0

I am working on an information retrieval task in Python, I am trying to extract Invoice Number from PDF files, for which I have converted them to strings (keeping the original format), some PDF files have multiple Invoice numbers in a table format. Below is an example of one PDF Invoice:

Invoice Number Date         Ac.No.      Type         Amount

1654339087      28.01.2019  1508765556  Invoice      1,268.40
1655214567      18.12.2018  3508753550  Invoice      3,134.20
1609833445      12.02.2019  2500444556  Invoice      2,735.84

To extract Invoice Number from these tables I have created a Regex which helps me to extract the Invoice Number from such tables, to capture invoice number from multiple lines I have repeated the last part of regex, for example in above scenario, I will repeat the last part of regex (.+\n(\d{5,})) 3 times, this works fine but problem is that I don't know how many such lines could be in the PDF file for example 10,20. In that scenario I need to repeat this part of regex equal to the number of lines, I am looking for an efficient solution where I can mention a number (equal to the total lines) in the regex or multiply the regex with some number to repeat.

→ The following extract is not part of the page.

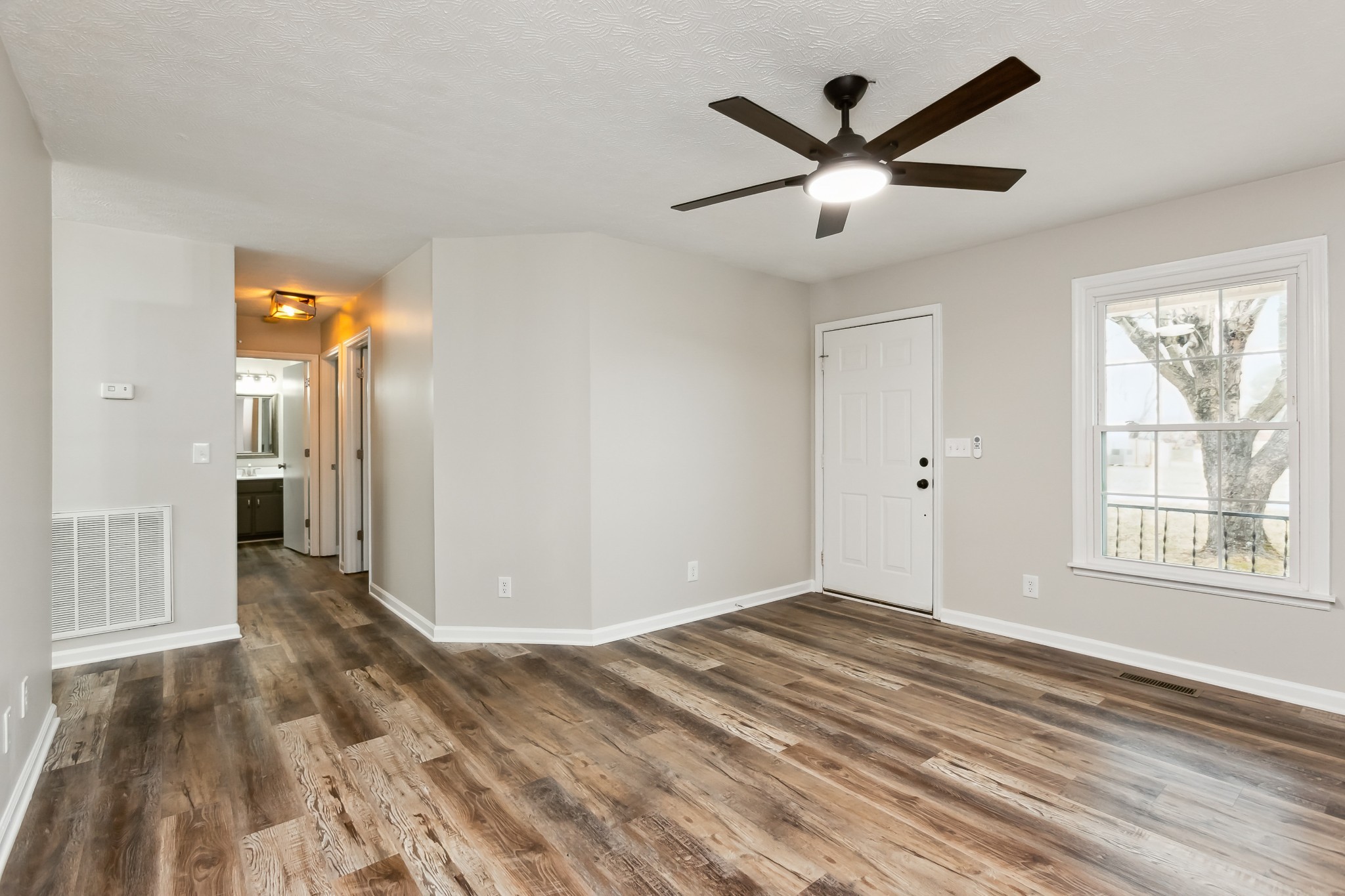 2640 Queen Anne Ct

For example something like this: (.+\n(\d{5,})*10) or (.+\n(\d{5,}){10}). I found few similar answers (not exactly same) mentioning about using {} to pass the number but this doesn't work in my case. Below is the regex I have created:

pattern = re.compile(r'Invoice Number\s*[A-Za-z0-9-._:\s]+\n(\d{5,}).+\n(\d{5,}).+\n(\d{5,})',re.IGNORECASE | re.MULTILINE)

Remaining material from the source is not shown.